## Exercise details
Using the data below, return word for word every line from the one holding "- Knaresborough 3" down to the one holding "Hostel Thaihost@homestay". Leave pictures out.

## Information supplied
Content starts

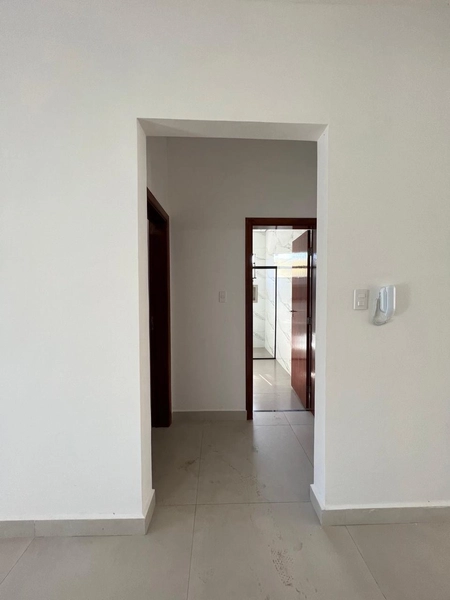 Casa com pé direito duplo no Porto Real: 22ª foto da galeria de imagens do imóvel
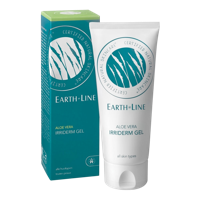 Earth Line Aloë Vera Irriderm Gel
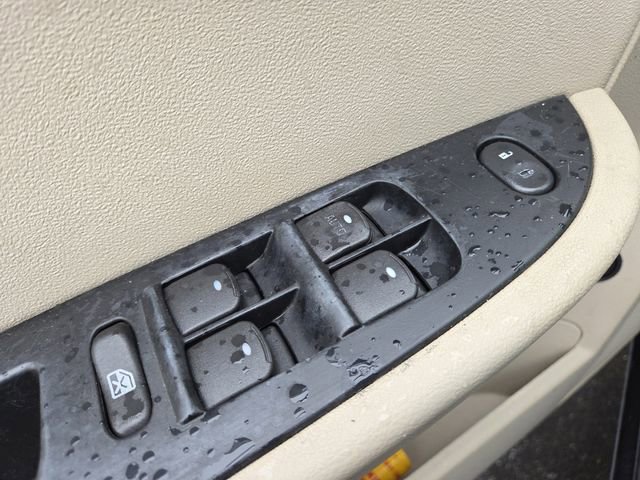 Used 2009 Saturn Aura XE w/ Preferred Package image 6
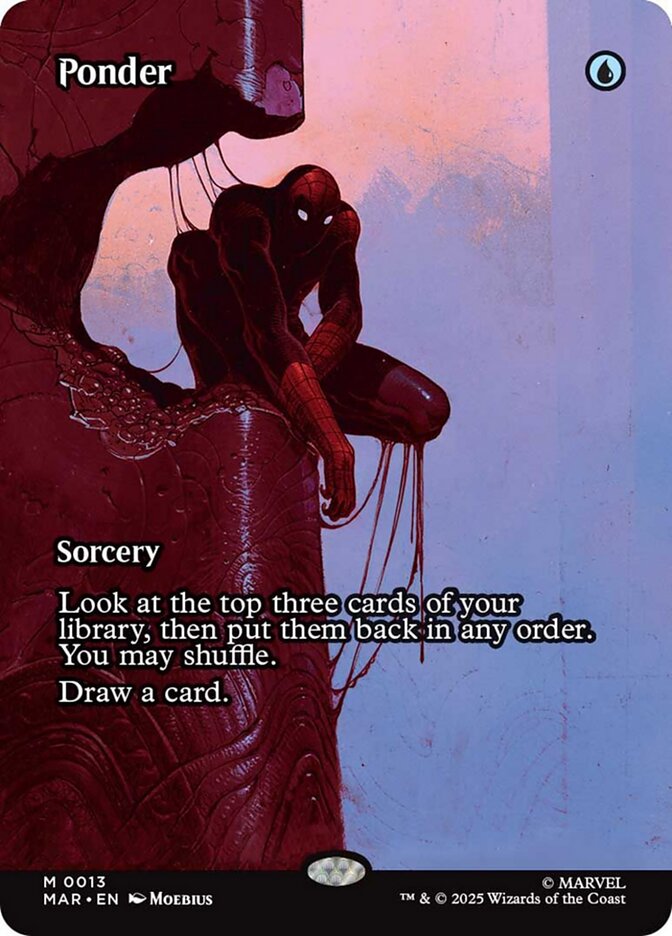 Ponder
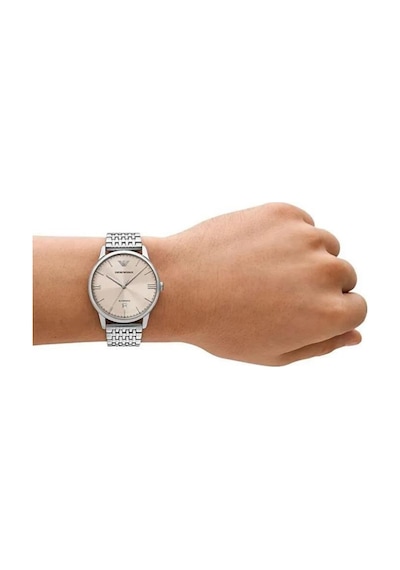 Emporio Armani Ar60082 Erkek Kol Saati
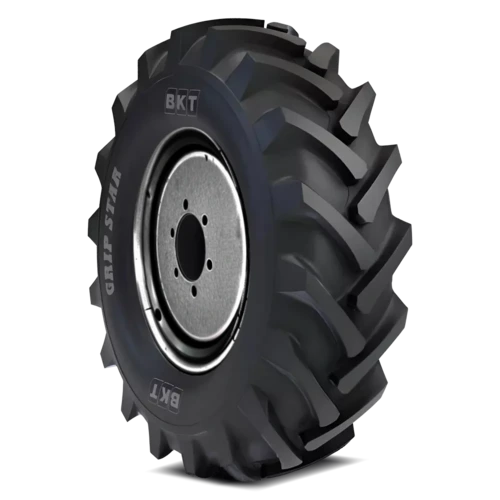 BKT Grip Star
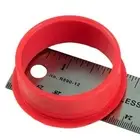 Ajax, A16941, Grommet, Red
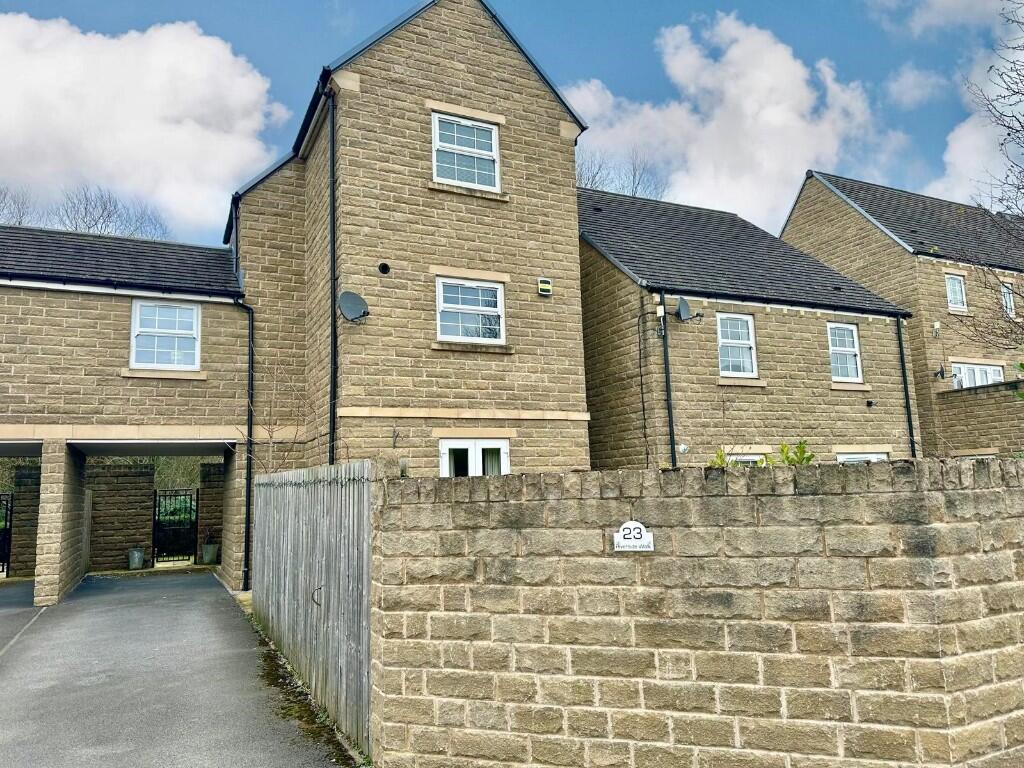 3 bed Mid Terraced House for rent in Otley. From Windsor Court Properties - Knaresborough 3 bed Mid Terraced House for rent in Otley. From Windsor Court Properties - Knaresborough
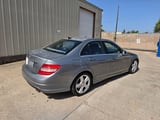 2011 Mercedes-Benz C-Class - Preview 5
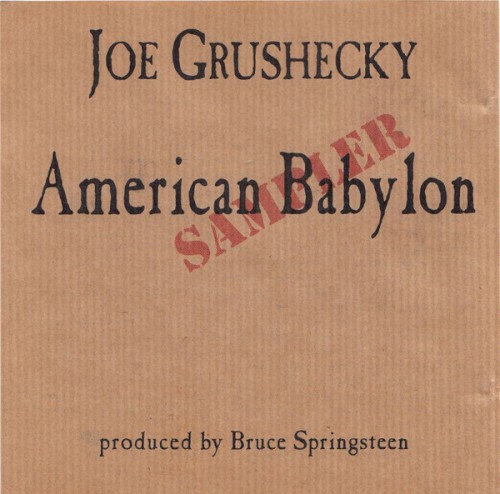 American Babylon: Sampler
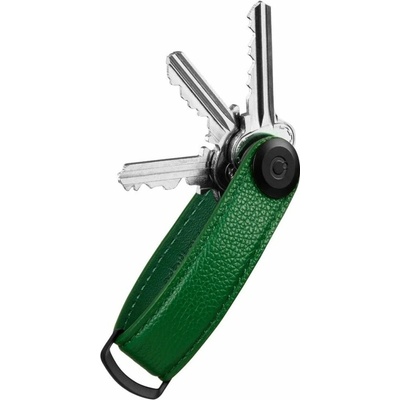 Orbitkey Kožená Emerald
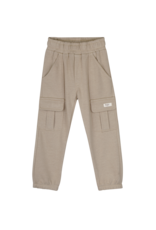 Baje Studio Caude Pants Taupe Cafe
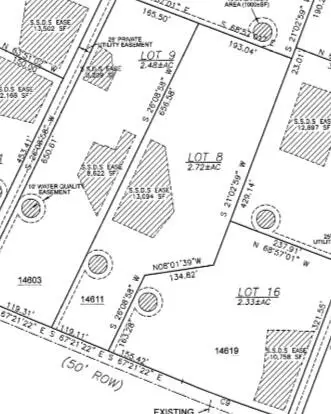 14611 Baker Road, Birchwood, TN 37308 - #2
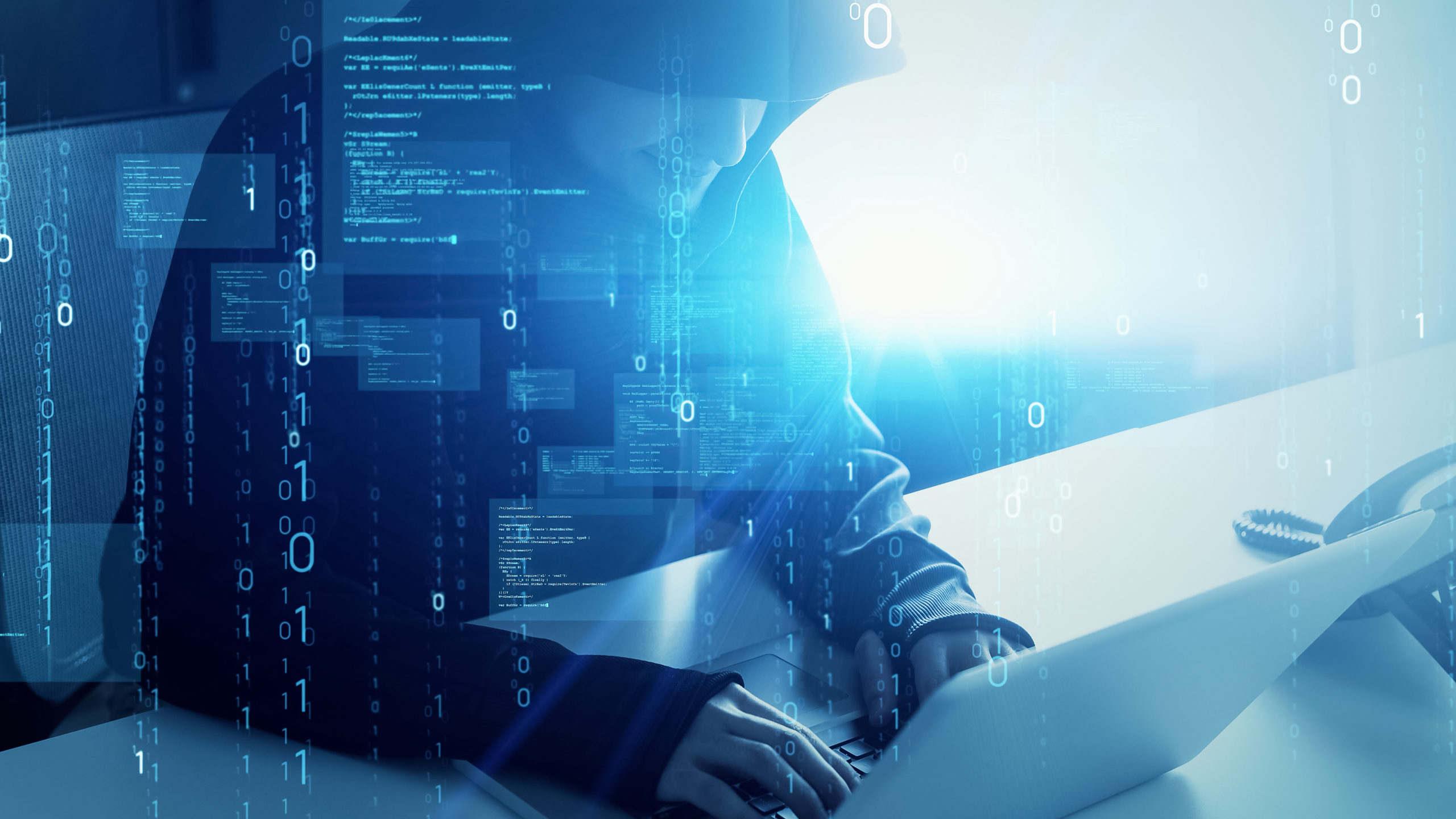 Algorithms, votes and bullets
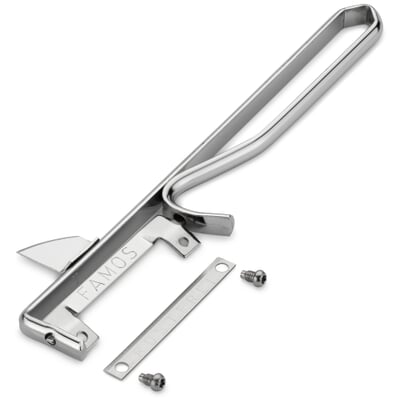 Ersatzklingen für Sparschäler Famos (2 Stück)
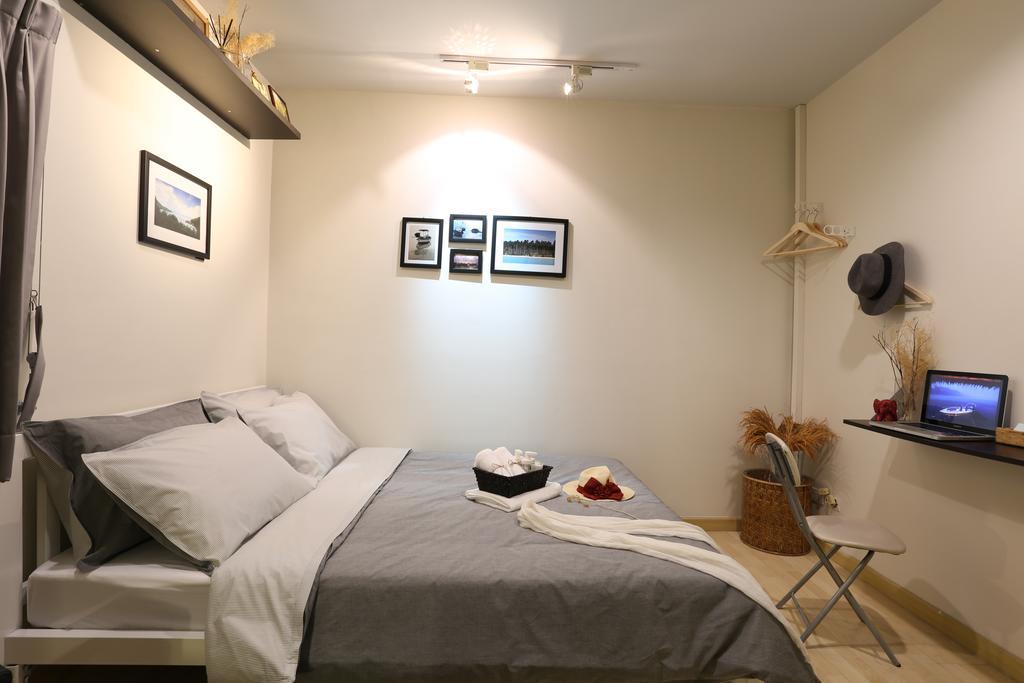Hostel Thaihost@homestay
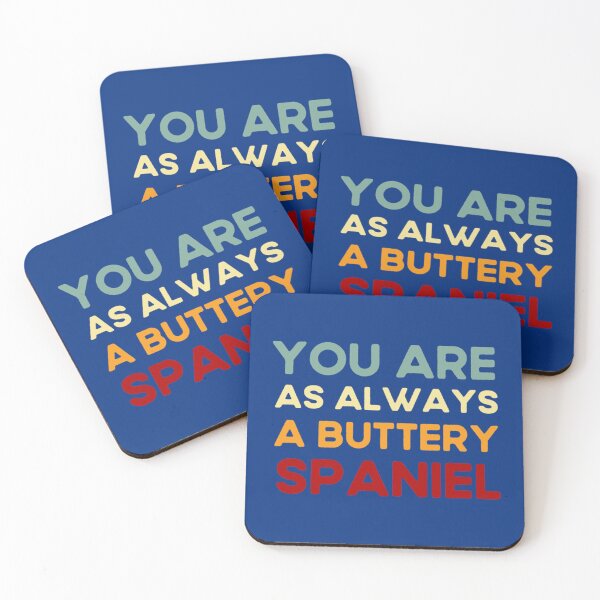 Item preview, Bob Mortimer Train Guy - Buttery spaniel Meme Gift     designed and sold by AthleticoMin512.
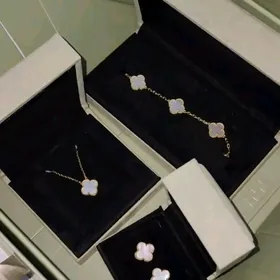 Van Cleef&Arpels komplekt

Content ends

## Task answer
 3 bed Mid Terraced House for rent in Otley. From Windsor Court Properties - Knaresborough 3 bed Mid Terraced House for rent in Otley. From Windsor Court Properties - Knaresborough
 2011 Mercedes-Benz C-Class - Preview 5
 American Babylon: Sampler
 Orbitkey Kožená Emerald
 Baje Studio Caude Pants Taupe Cafe
 14611 Baker Road, Birchwood, TN 37308 - #2
 Algorithms, votes and bullets
 Ersatzklingen für Sparschäler Famos (2 Stück)
Hostel Thaihost@homestay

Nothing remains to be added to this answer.